I am trying to sample my data within each group as in How do you sample random rows within each group in a data.table? Data:
set.seed(245)
DT = data.table( d = sample(1:2000), m = sample(1:700, 2000, replace = T))
DT[,length(unique(m))]
[1] 669
DT[,length(unique(d))]
[1] 2000
1) Firstly, approach DT[, .SD[sample(.N, 1)], by = m]

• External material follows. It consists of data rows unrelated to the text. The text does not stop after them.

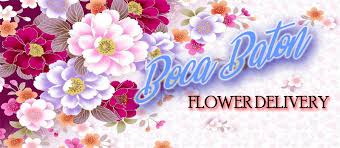 Field of flowers has been awarded as best florist by numerous organizations including the boca forum and sun sentinel, davie and cooper city gazette, cbs. The 9 Best Options For Flower Delivery In Boca Raton 2021
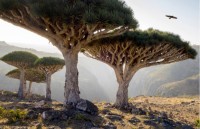 nhung hang dong bang bang dep me hon tren the gioi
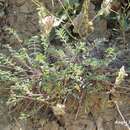 Image of Onobrychis humilis subsp. matritensis (Boiss. & Reut.) Greuter & Burdet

is not fast enough and I am quite certain that it could be done faster and better, but the faster approach, which were mentioned in previously linked post
DTs <- DT[DT[, sample(.I, 1), by=m][[2]],]
DTs[, .N]
[1] 659
DTs[, length(unique(d))]
[1] 633
does not work correctly, and I do not understand why (every element in DTs[, d]
should be unique).
2) Secondly, when I tried a different approach (to extract only d values):
DT[, sample(d, 1L), by = m][[2]]
I noticed that each time I obtain different length unique values and also their length is not as expected:
length(unique(DT[, sample(d, 1L), by = m][[2]]))
[1] 632
length(unique(DT[, sample(d, 1L), by = m][[2]]))
[1] 638
Could someone explain why this is happening? Or what I am doing wrong? And how to do this in fastest way possible?